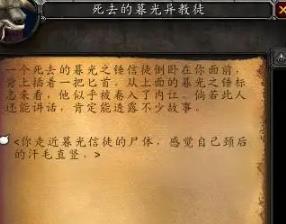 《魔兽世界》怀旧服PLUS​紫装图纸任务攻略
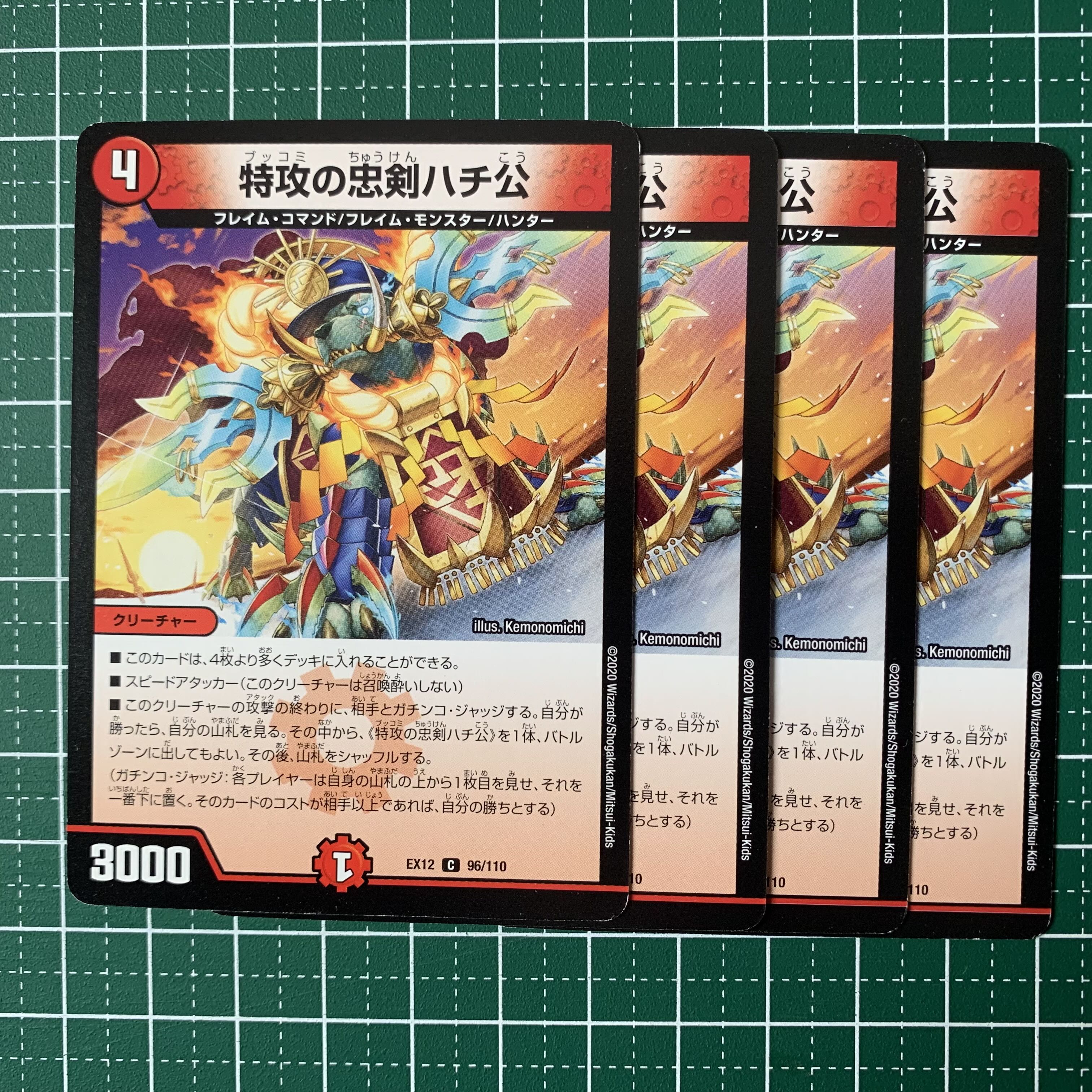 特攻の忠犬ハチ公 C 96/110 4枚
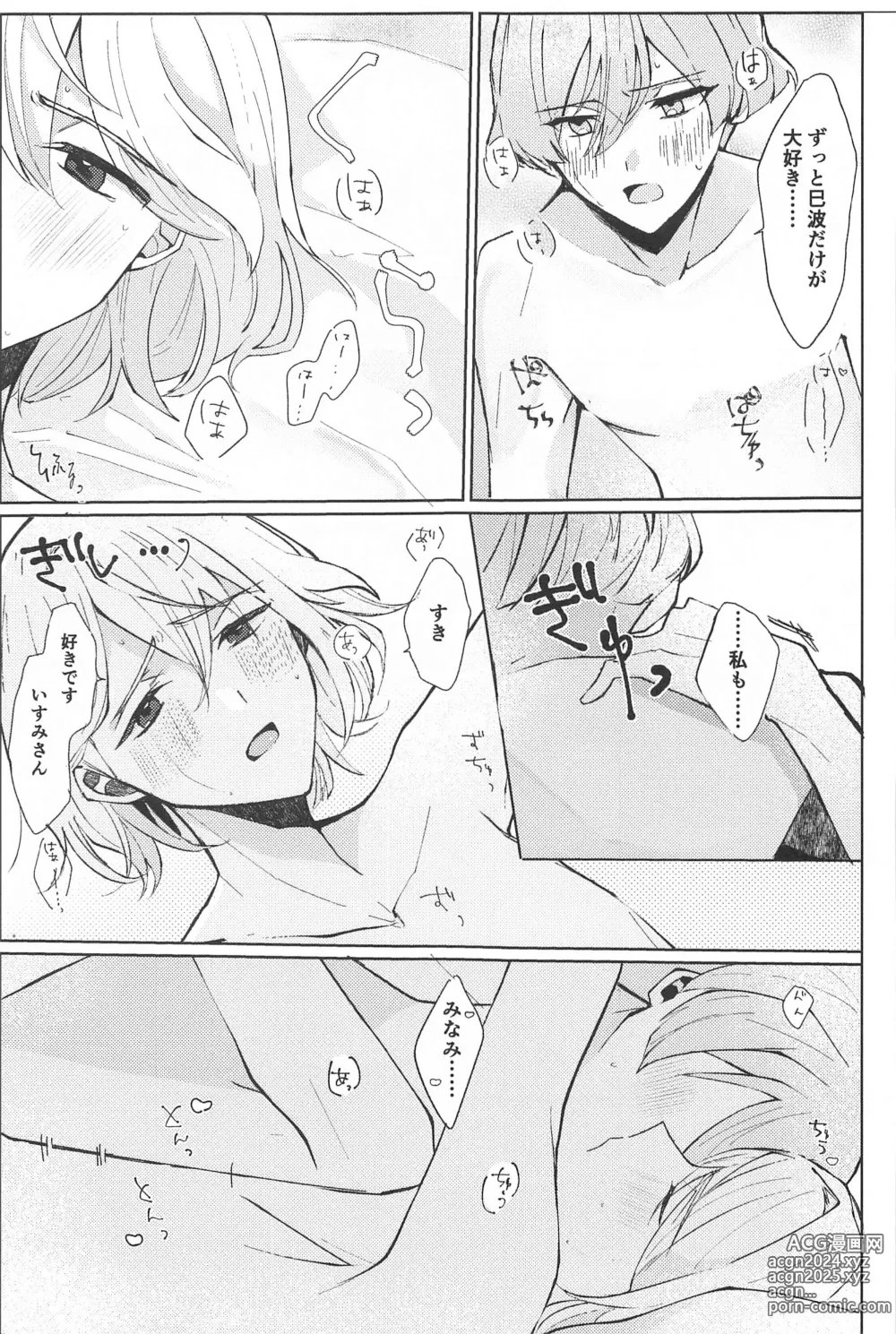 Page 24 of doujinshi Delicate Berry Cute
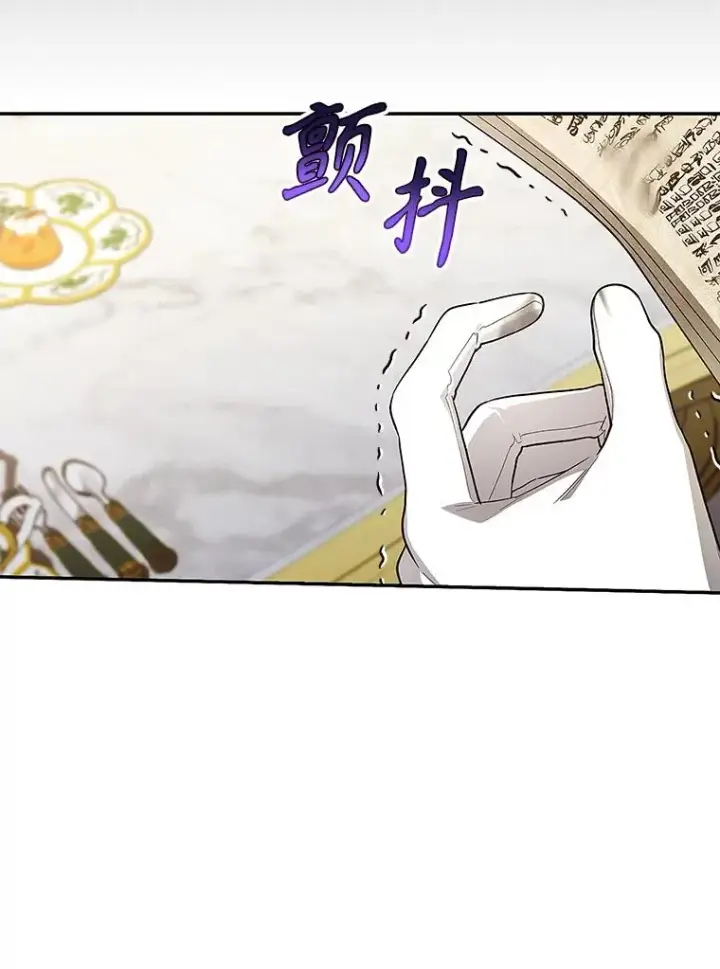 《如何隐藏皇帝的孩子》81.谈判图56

##############################

▶ [PROBLEM]
Output the span from the line with "Page 24 of doujinshi Delicate Berry Cute" through the last line of the data, inclusive and exact, and omit every picture.

▶ [EXERCISE RESPONSE]
 Page 24 of doujinshi Delicate Berry Cute
 《如何隐藏皇帝的孩子》81.谈判图56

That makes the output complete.